Linkin Parkは30代くらいのインドの洋楽ファンにはかなり人気があるようで、私の記憶だと、キャリア10年以上のインドのラッパーには、ヒップホップではなくLinkin Parkでラップに目覚めたという人が結構いたりする。
Linkin Parkは言うまでもなく2000年代を代表するロックバンドだが、インドでの公演は初めて。
これは絶対に盛り上がるだろう。

Playboi Cartiはアトランタ出身のラッパーで、2010年代終盤以降のUSヒップホップのサウンド、雰囲気、ファッションなどを決定づけた一人。
インドのヒップホップは多様化、ローカル化がかなり進んでいて、Playboi Cartiのような新しいタイプのUSヒップホップのファンがどれくらいいるのか想像がつかないが、英語による教育が盛んで、ネイティブ同様に英語を理解する人が多いインド(とくにムンバイ)には、英語でラップを聴いて理解して楽しめるヒップホップファンも多い。

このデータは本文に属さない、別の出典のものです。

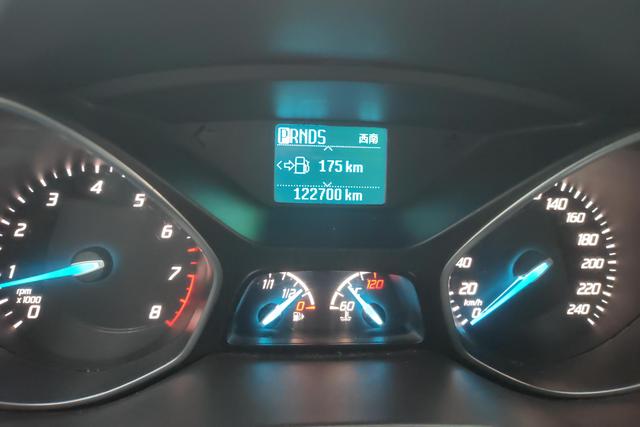 Ford Kuga 2015 1.5 L GTDi 2 WD — фото 14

ジャンルもスタイルも時代背景もまったく異なる二人のヘッドライナーがどんなパフォーマンスにムンバイのオーディエンスがどんな反応を見せるのか、かなり興味深いところだ。

日本人として気になるのはセカンド・ヘッドライナー扱いで藤井風の名前が挙がっていること!
藤井風はヨーロッパツアーを成功させるなど、海外での評価も非常に高い。
インドでの彼の知名度は、さすがにヘッドライナーの2組には及ばないだろうが、彼とインドには特別な関係がある。
Lollapalooza Indiaの公式インスタグラムでの彼の紹介がとても面白かった。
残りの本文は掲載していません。